+++ Provided information

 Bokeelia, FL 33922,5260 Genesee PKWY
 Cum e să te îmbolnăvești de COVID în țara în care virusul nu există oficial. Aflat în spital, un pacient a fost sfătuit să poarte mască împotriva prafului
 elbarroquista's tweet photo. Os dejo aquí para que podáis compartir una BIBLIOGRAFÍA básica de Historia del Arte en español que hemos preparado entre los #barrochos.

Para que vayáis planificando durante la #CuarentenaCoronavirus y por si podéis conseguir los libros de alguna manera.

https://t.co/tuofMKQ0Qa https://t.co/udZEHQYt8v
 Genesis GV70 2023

++++++
+++ Provided information

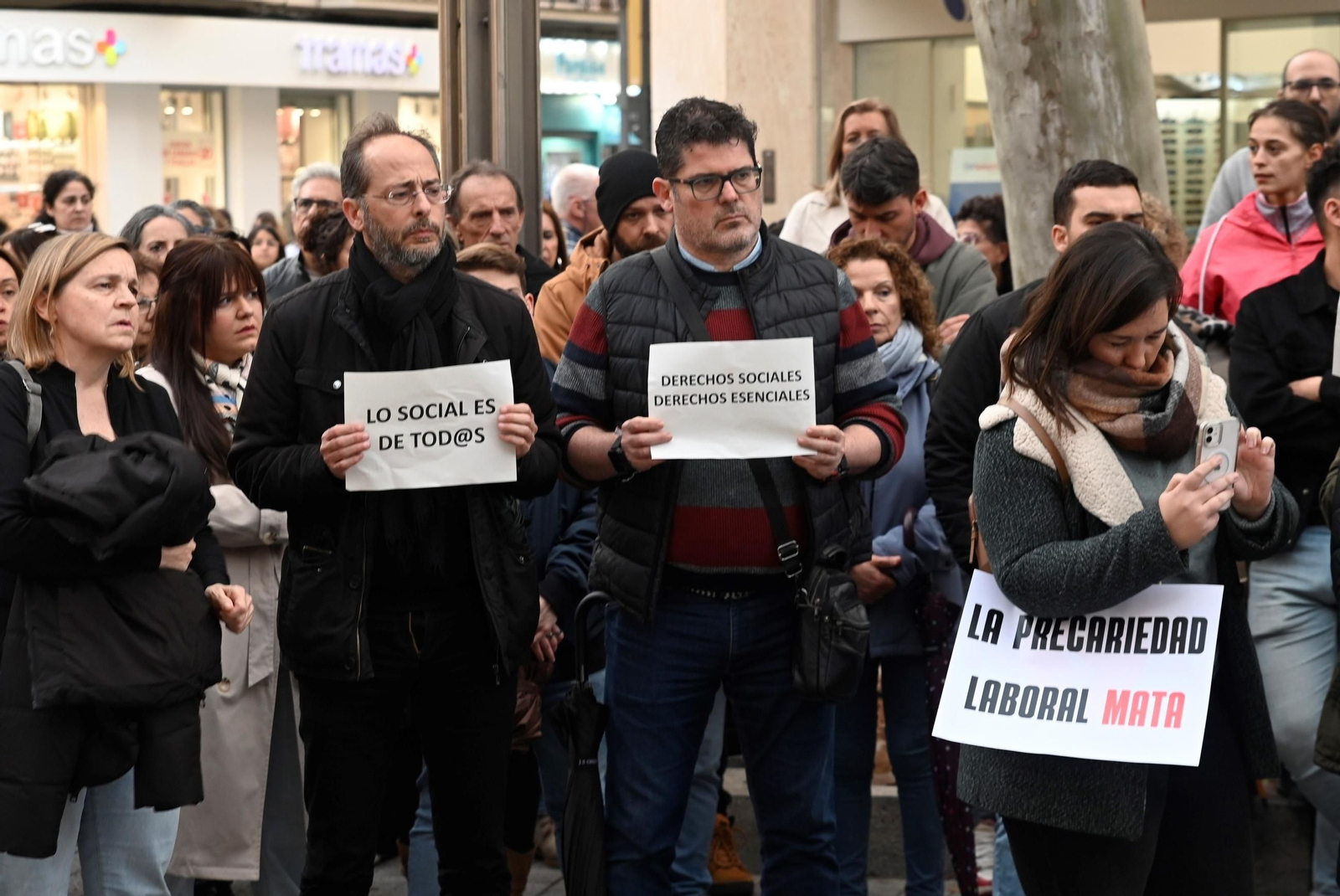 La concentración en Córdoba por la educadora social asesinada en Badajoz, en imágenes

++++++

● What is required:
What you return should be exactly the lines above, starting at the one with "Para que vayáis" and ending at the one with "Genesis GV70 2023", and nothing else.

● Task answer:
Para que vayáis planificando durante la #CuarentenaCoronavirus y por si podéis conseguir los libros de alguna manera.

https://t.co/tuofMKQ0Qa https://t.co/udZEHQYt8v
 Genesis GV70 2023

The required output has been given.